*** Opening of Dataset excerpt ***

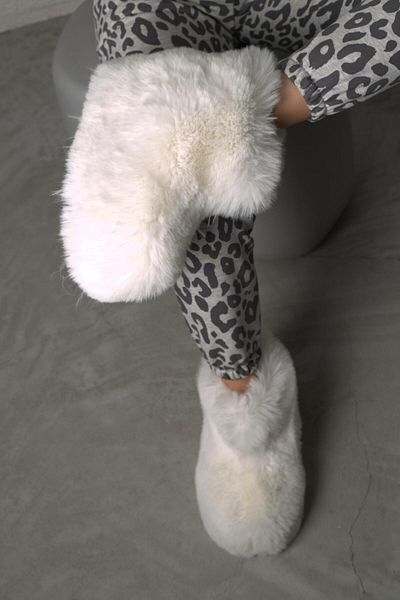 Beyond Women's White Bumble Ultra Light Furry Slippers with Fur Inside 4cm Bynd03
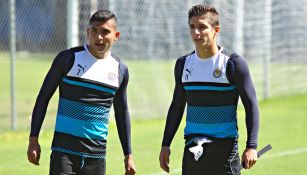 Brizuela y Pineda en un entrenamiento con Chivas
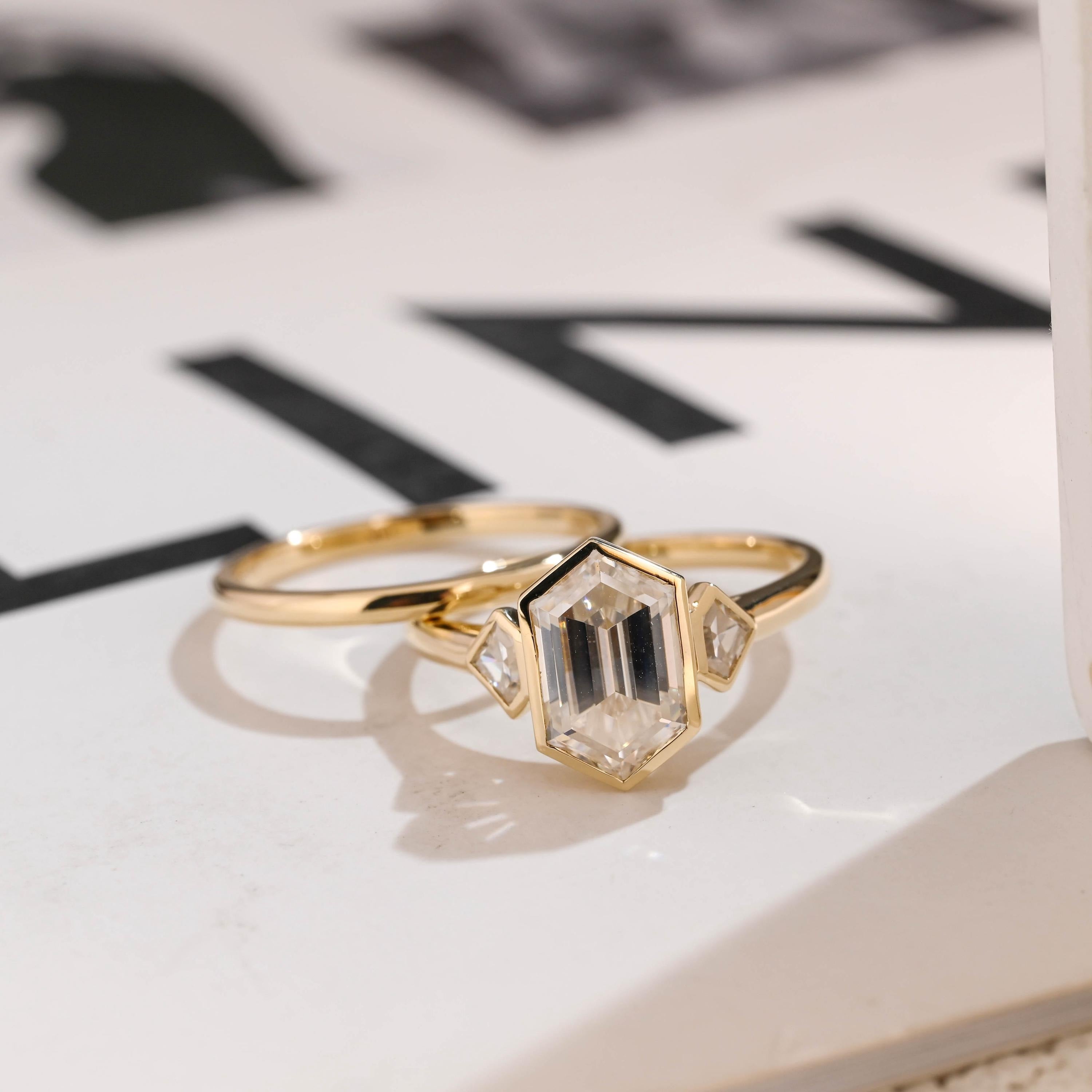 Solid Gold Hexagon Moissanite Engagement Ring Set, Bezel Ring Wedding Band Set Hauptbild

*** Close of Dataset excerpt ***

| Task to carry out |
Whenever images occur above, omit them and retype each line exactly as it stands.

| Answer space |
 Beyond Women's White Bumble Ultra Light Furry Slippers with Fur Inside 4cm Bynd03
 Brizuela y Pineda en un entrenamiento con Chivas
 Solid Gold Hexagon Moissanite Engagement Ring Set, Bezel Ring Wedding Band Set Hauptbild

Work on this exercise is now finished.